Die junge Zula (Joanna Kulig) hat zwar nicht die geforderte Abstammung aus der Arbeiter- und Bauernklasse, dafür aber Mut, Temperament und eine gute Stimme. Sie schnappt sich ein Bauernmädchen als Gesangspartnerin, um ihre "unpassende" Abstammung zu kaschieren, singt mit ihr bravourös ein einfaches Volkslied und kann die Juroren überzeugen.

Eine junge Frau steht vor einem Mikrofon.
Zula (Joanna Kulig): Szene aus dem oscar-nominierten Film "Cold War - Der Breitengrad der Liebe". Bildrechte: mm filmpresse

Am Rande der sozialistischen Talentshow lernt Zula den Musiker Wiktor (Tomasz Kot) kennen.

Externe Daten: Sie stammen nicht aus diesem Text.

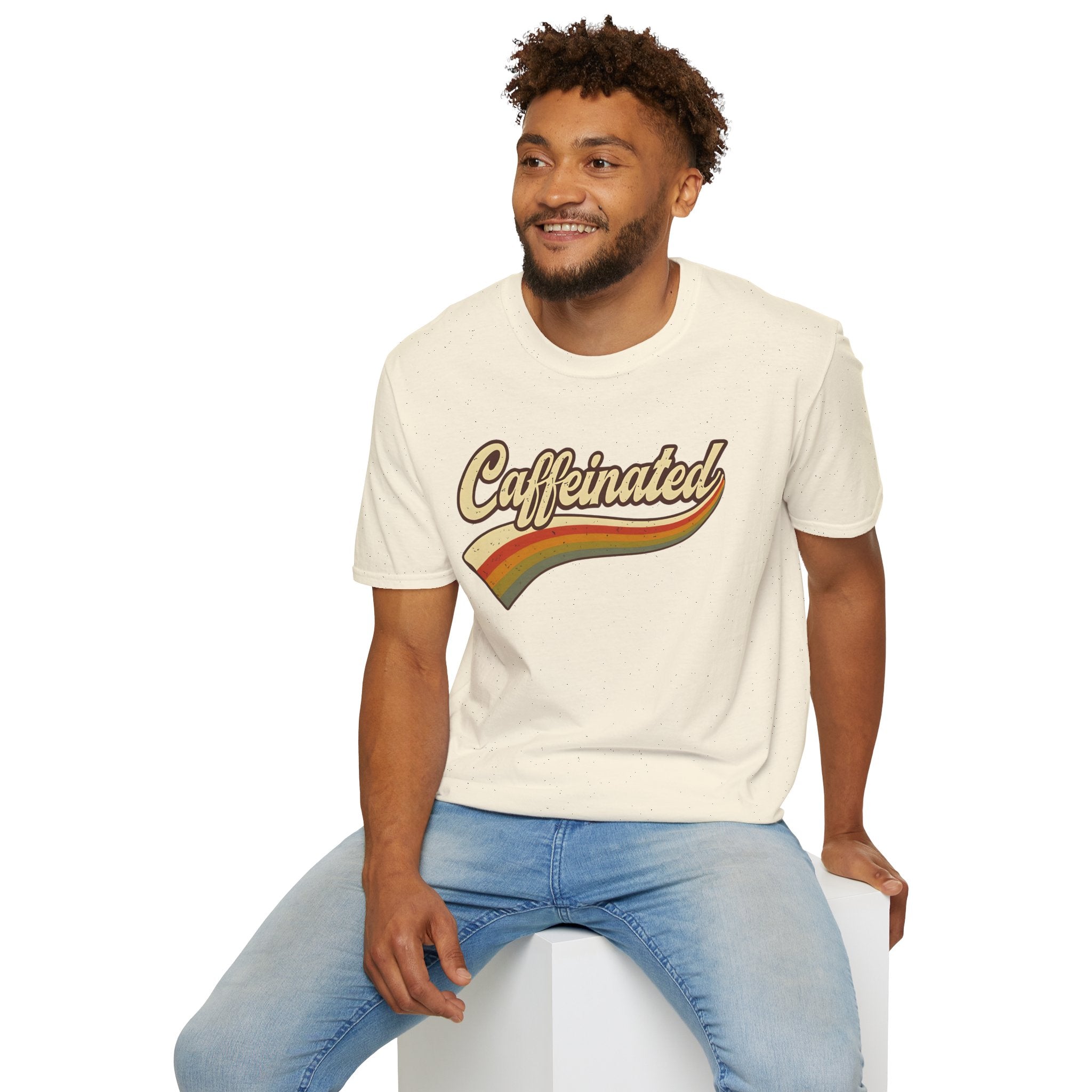 Caffeinated Retro Unisex Softstyle T-Shirt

Wiktor liebt Jazz und hat vor dem Krieg in Paris gelebt, auch er ist also kein Vorzeigeproletarier. Die beiden verlieben sich ineinander und schmieden einen Fluchtplan: Bei einem Gastauftritt während der Weltfestspiele der Jugend in Ost-Berlin 1952 wollen sie sich über die damals noch offene Grenze in den Westen absetzen.

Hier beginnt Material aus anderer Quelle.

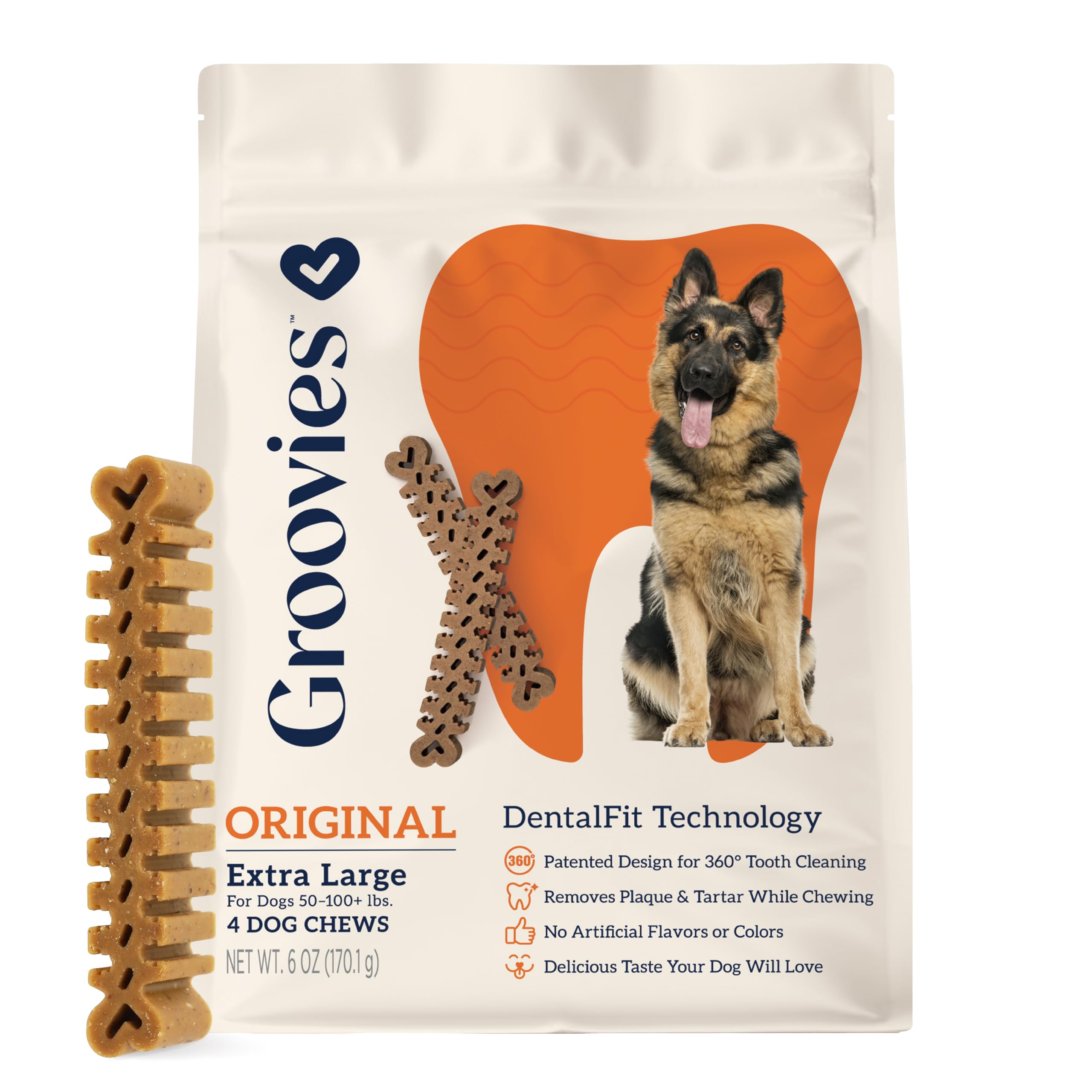 Groovies Flexible, Built to Last Dog Dental Chews, Contact-Cleaning Design Supporting Tartar Control & Fresh Breath, Oral Care Treats, USA Manufactured, Patented DentalFit Tech, XLarge Dogs, 4 Chews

Zula kneift aber im letzten Augenblick und Wiktor entscheidet sich, ohne sie zu gehen. Damit beginnt die Geschichte einer jahrelangen unerfüllten Liebe, denn die Wege der beiden kreuzen sich auch später noch mehrmals. In einer verfallenen Kirche heiratet das Paar schließlich ohne Priester.

Hoffnungen auf Oscar

Der Film wurde nun in gleich drei Kategorien nominiert – als Bester fremdsprachiger Film, für die Beste Regie (Paweł Pawlikowski) und für die Beste Kamera (Łukasz Żal). In Polen werden Regisseur, Kameramann und die Hauptdarsteller daher fast wie Nationalhelden gefeiert, denn noch nie hat ein polnischer Film so viele Oskar-Nominierungen bekommen. Und die Chancen auf wenigstens eine der begehrten Trophäen stehen nicht schlecht – Regisseur Pawlikowski hat bereits einen Oscar für sein Filmdrama "Ida" bekommen. Beide Filme spielen in den Fünfziger Jahren, beide sind in einem kontrastreichen Schwarz-Weiß gedreht.

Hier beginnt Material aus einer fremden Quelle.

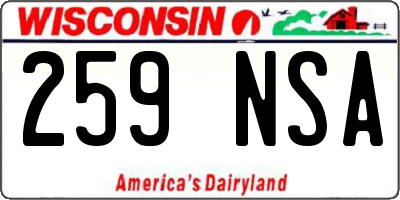 WI license plate 259NSA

Anders als der Film "Ida", der das schwierige Verhältnis der Polen zu ihren jüdischen Mitbürgern thematisierte und deshalb höchst umstritten war, löste "Cold War" keine Kontroversen aus - obwohl das Thema auch hier ein historisches ist. Denn hinter der Liebesgeschichte versteckt sich auf einer zweiten Ebene eine Abrechnung mit dem Stalinismus in Polen.

Doch diese Zeit des Terrors wird auf eine angenehm subtile Art verarbeitet, heben Filmkritiker hervor. Ganz anders als im "patriotischen Kino", das seit dem Regierungsantritt der PiS-Partei lanciert wird, vor brutalen Szenen nicht zurückschreckt und klare Rollenzuweisungen liebt - hier die bösen nazistischen oder kommunistischen Schergen, dort die vaterlandsliebenden, gegen das Böse kämpfenden polnischen Helden.

Kein patriotisches Kino

"Cold War" kommt ohne solche grobschlächtigen Schemen aus. Hauptthema ist hier nicht Heldentum, sondern das schmerzhafte Gefühl der Unfreiheit in einem Land, das gerade erst die Fesseln der Nazi-Herrschaft abgeschüttelt hat und nun schon wieder "kolonialisiert" wird, diesmal von den kommunistischen Apparatschiks aus den eigenen Reihen. Gerade der Drang nach Freiheit ist letztlich auch für das Scheitern von Zula und Wiktor als Liebespaar verantwortlich, weil sich Wiktor an jenem schicksalhaften Tag in Ost-Berlin entscheidet, auch ohne seine Geliebte in den Westen zu gehen.

Ein Paar liegt im Gras. Sie schaut ihn an.
Zula (Joanna Kulig) und Wiktor (Tomasz Kot) Bildrechte: mm filmpresse

Die Handlung des Films wird mit kurzen Szenen und großen Zeitsprüngen vorangetrieben. Die beiden Hauptdarsteller Joanna Kulig und Tomasz Kot ernteten viel Lob. Auf der Leinwand herrsche Ruhe und Zurückhaltung, schrieb ein polnischer Kritiker, und gerade diesem Umstand habe "Cold War" seine schmerzhafte und tragische Atmosphäre zu verdanken. Dazu trügen außerdem die Schwarz-Weiß-Aufnahmen von Kameramann Łukasz Żal bei. Die werden allgemein als brillant, geschmackvoll und aufgeräumt gelobt. Und in der Tat ist Żals Kameraführung genauso charakteristisch wie in "Ida" und mit dem kommerziellen Hollywood-Kino nicht vergleichbar.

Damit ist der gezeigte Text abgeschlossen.